AFAIK, there is a huge influx of bills introduced right before most recesses
(or other related times), most offered with no intention of going anywhere,
and they don't even follow up on them.

They are done so the congressperson who introduced it can go back home and
tell folks "that's why I just introduced a bill in congress to do X".

It sounds impressive, but it's completely meaningless.

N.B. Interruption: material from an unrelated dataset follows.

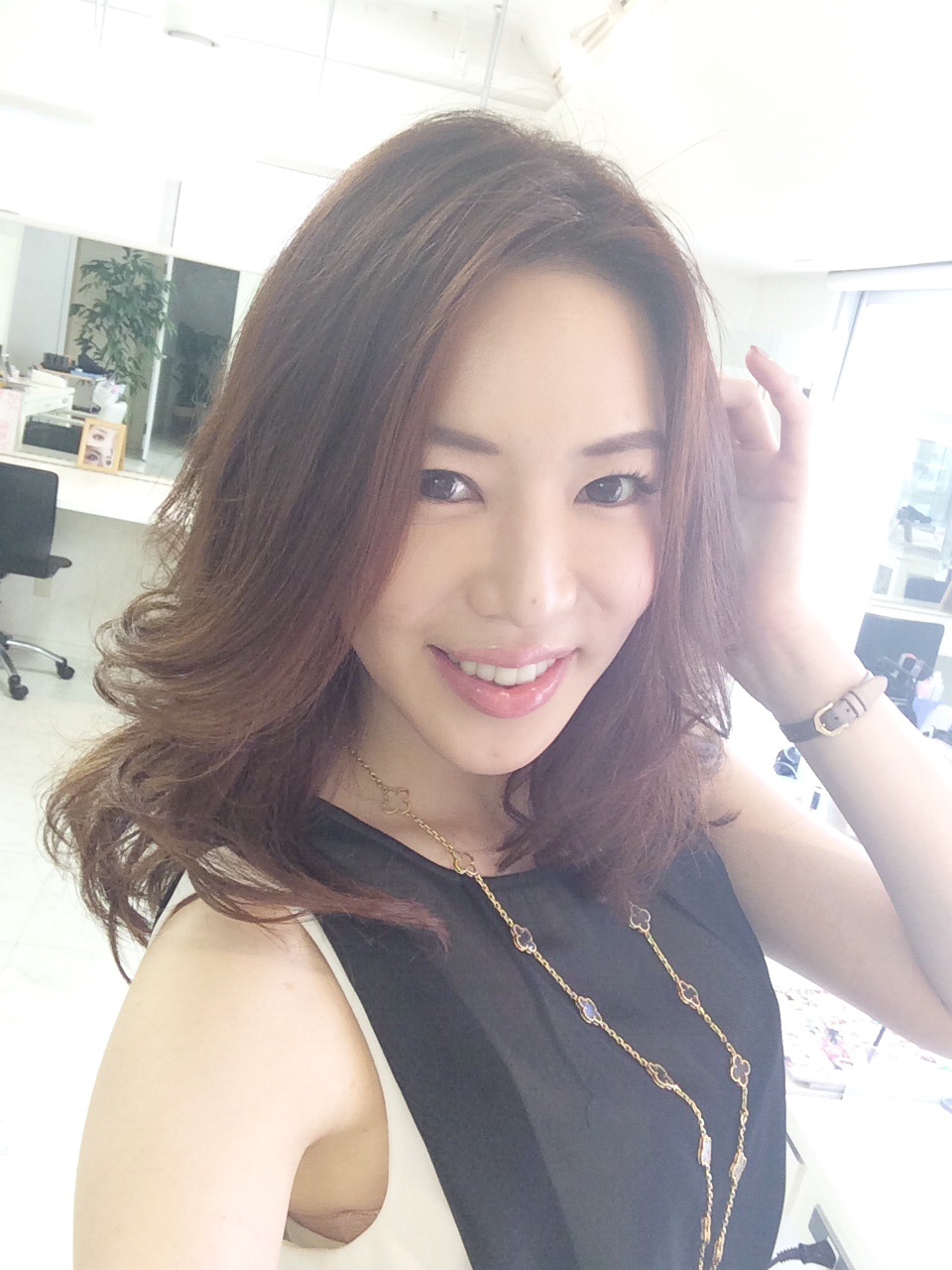 岩本和子 国民美魔女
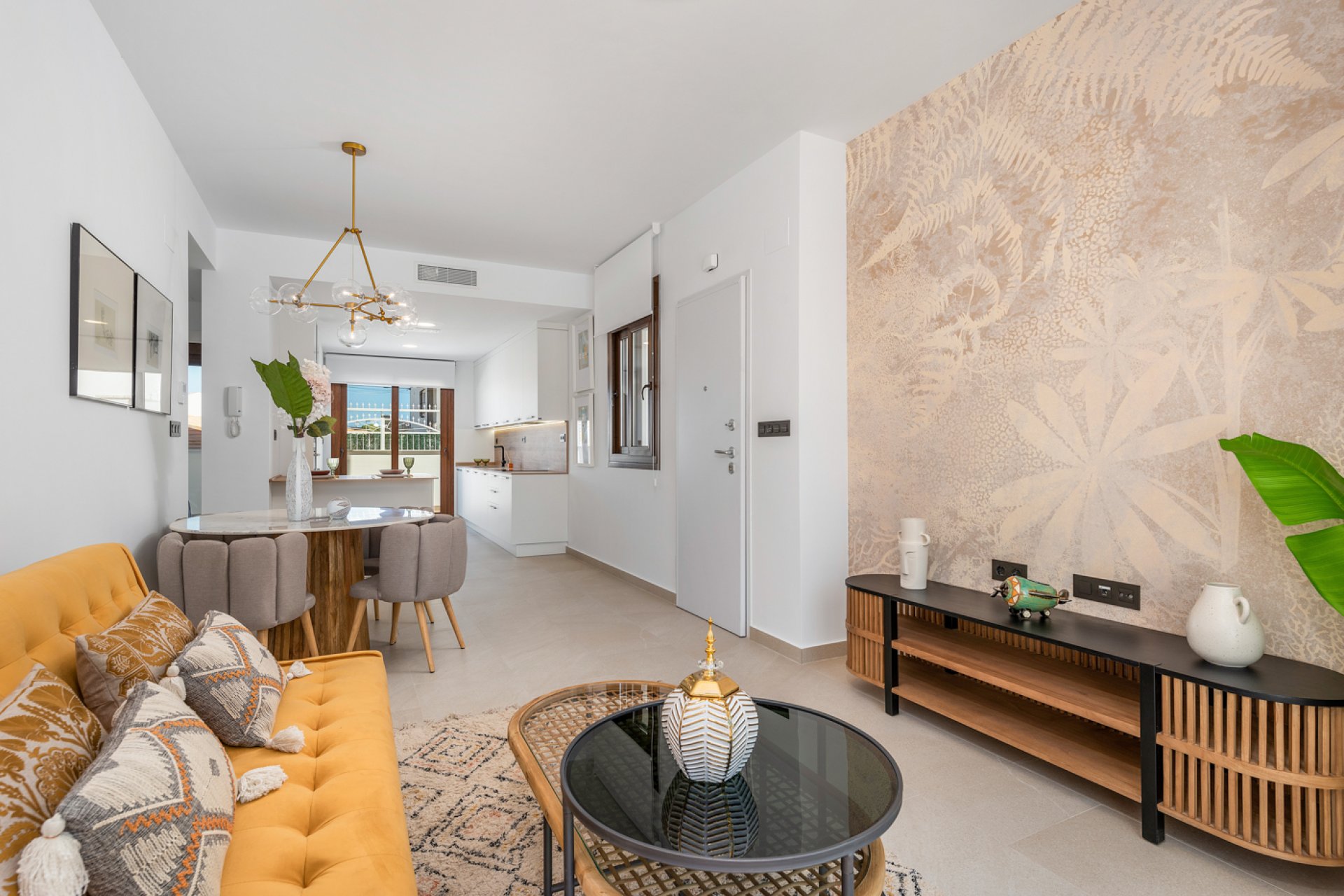 New Build - Apartment/Flat - Torrevieja - Los Balcones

I'm not suggesting this is what is happening here, but i'm just pointing out
that corruption is not always related to "good" bills failing. It may be have
been introduced just to start a discussion, and make clear how much support
there is, to test the waters of the committees, or a million other non-
lobbyist reasons that would mean it will never go anywhere.

------
GhotiFish
While you're contacting your local representatives, don't forget to mention
what happened to the people[1] and organizations[2] that dared to support
SOPA, because the inverse just might happen here.

[1]:[https://en.wikipedia.org/wiki/List_of_US_Congresspersons_who...](https://en.wikipedia.org/wiki/List_of_US_Congresspersons_who_support_or_oppose_SOPA/PIPA)

[2]:[https://en.wikipedia.org/wiki/List_of_organizations_with_off...](https://en.wikipedia.org/wiki/List_of_organizations_with_official_stances_on_the_SOPA_and_PIPA)